In [1]:
# ==================== Cell 1: Shared Cache Bootstrap ====================
"""
目標：建立統一快取機制，所有模型/資料集都存放在 AI_CACHE_ROOT
重要：這段程式碼會被複製到每本 notebook 的第一格
"""
import os, pathlib, torch
import sys
from datetime import datetime

print(f"🚀 環境引導檢查開始 - {datetime.now().strftime('%Y-%m-%d %H:%M:%S')}")
print(f"Python 版本: {sys.version}")

# Shared cache configuration (複製到每本 notebook)
AI_CACHE_ROOT = os.getenv("AI_CACHE_ROOT", "../ai_warehouse/cache")

# Critical: Set all AI-related cache paths
cache_config = {
    "HF_HOME": f"{AI_CACHE_ROOT}/hf",
    "TRANSFORMERS_CACHE": f"{AI_CACHE_ROOT}/hf/transformers",
    "HF_DATASETS_CACHE": f"{AI_CACHE_ROOT}/hf/datasets",
    "HUGGINGFACE_HUB_CACHE": f"{AI_CACHE_ROOT}/hf/hub",
    "TORCH_HOME": f"{AI_CACHE_ROOT}/torch",
}

for key, path in cache_config.items():
    os.environ[key] = path
    pathlib.Path(path).mkdir(parents=True, exist_ok=True)
    print(f"✓ {key}: {path}")

print(f"\n📁 快取根目錄: {AI_CACHE_ROOT}")
print(f"🔥 GPU 可用: {torch.cuda.is_available()}")
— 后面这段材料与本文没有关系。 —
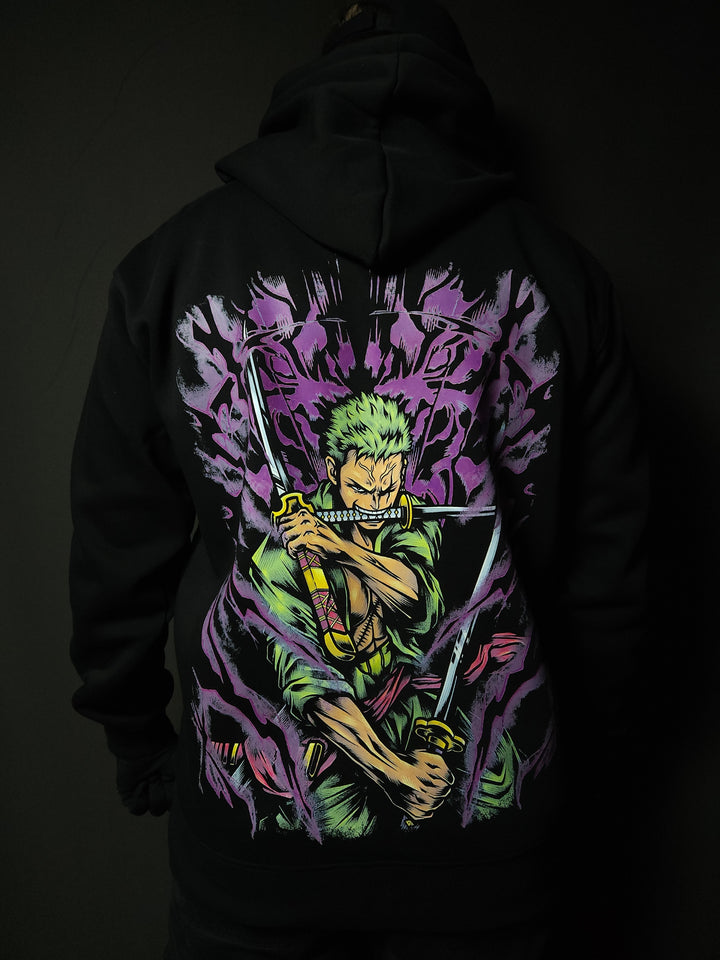 Anime-inspired apparel featuring bold back artwork, worn by a model in a dark studio setting – from a South African anime clothing brand.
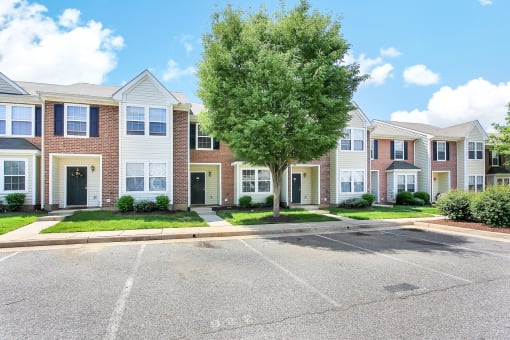 2 story Building exterior with green doors and shutters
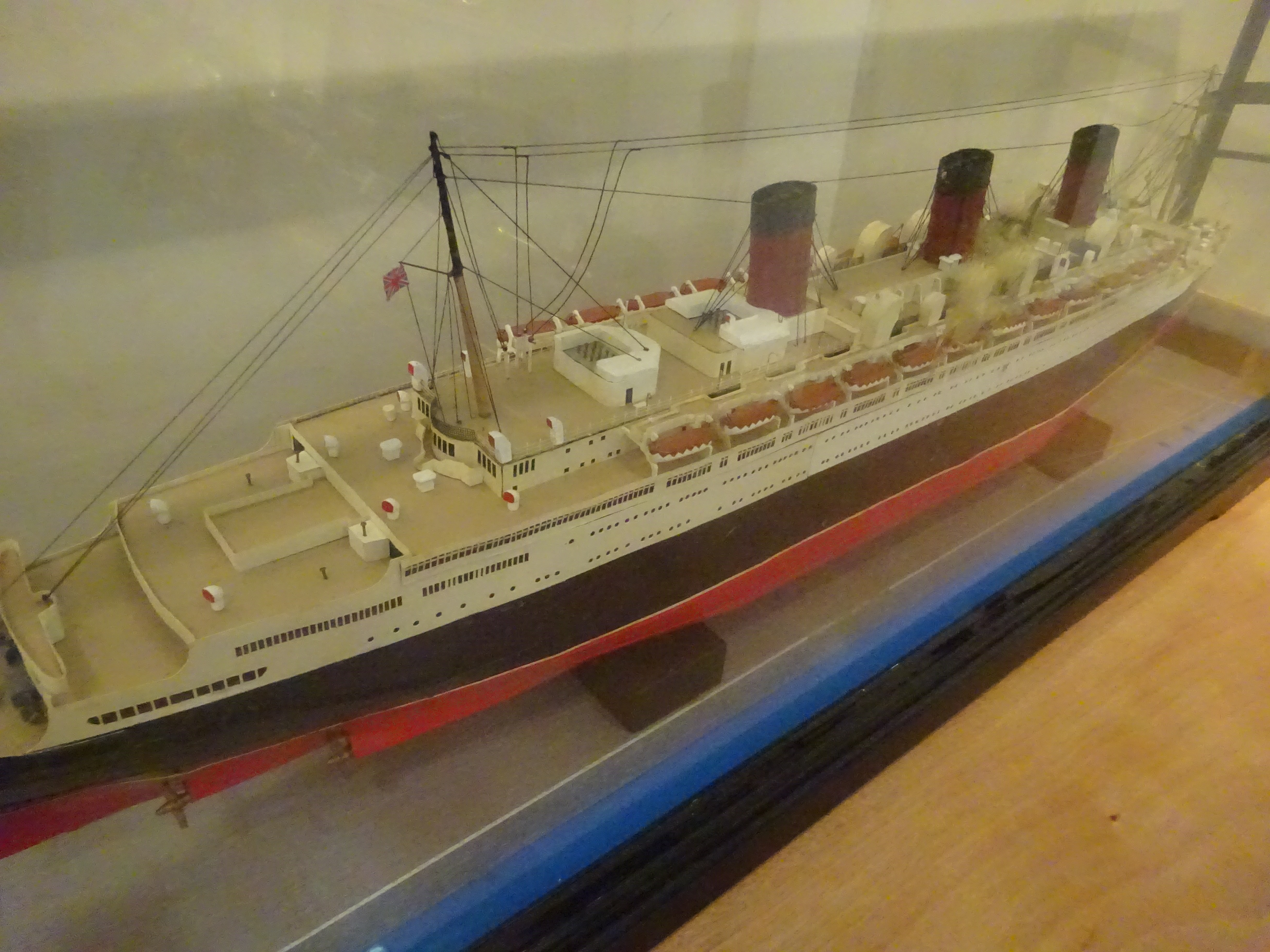 Large scale model of RMS Queen Mary, painted paper and card on frame, - Image 2 of 2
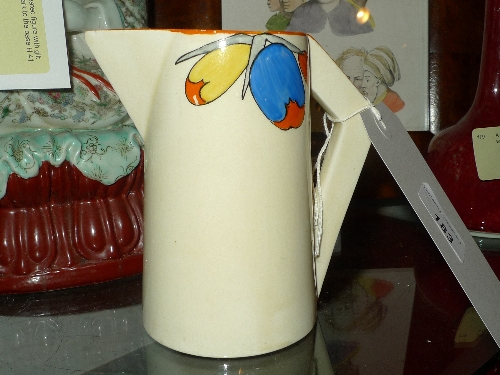 A Clarice Cliff jug Bizarre pattern Height 13 cm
🚀 環境引導檢查開始 - 2025-08-21 17:31:57
Python 版本: 3.10.18 | packaged by Anaconda, Inc. | (main, Jun  5 2025, 13:08:55) [MSC v.1929 64 bit (AMD64)]
✓ HF_HOME: ../ai_warehouse/cache/hf
✓ TRANSFORMERS_CACHE: ../ai_warehouse/cache/hf/transformers
✓ HF_DATASETS_CACHE: ../ai_warehouse/cache/hf/datasets
✓ HUGGINGFACE_HUB_CACHE: ../ai_warehouse/cache/hf/hub
✓ TORCH_HOME: ../ai_warehouse/cache/torch

📁 快取根目錄: ../ai_warehouse/cache
🔥 GPU 可用: True


In [2]:
# ==================== Cell 2: CUDA & PyTorch 詳細檢查 ====================
"""
檢查 GPU 記憶體、CUDA 版本、可用設備等關鍵資訊
"""

print("=" * 50)
print("🔍 CUDA & PyTorch 詳細檢查")
print("=" * 50)

# Basic PyTorch info
print(f"PyTorch 版本: {torch.__version__}")
print(f"CUDA 可用: {torch.cuda.is_available()}")

if torch.cuda.is_available():
    print(f"CUDA 版本: {torch.version.cuda}")
    print(f"cuDNN 版本: {torch.backends.cudnn.version()}")
    print(f"GPU 數量: {torch.cuda.device_count()}")

    for i in range(torch.cuda.device_count()):
        props = torch.cuda.get_device_properties(i)
        memory_gb = props.total_memory / (1024**3)
        print(f"  GPU {i}: {props.name}")
        print(f"    總記憶體: {memory_gb:.1f} GB")
        print(f"    計算能力: {props.major}.{props.minor}")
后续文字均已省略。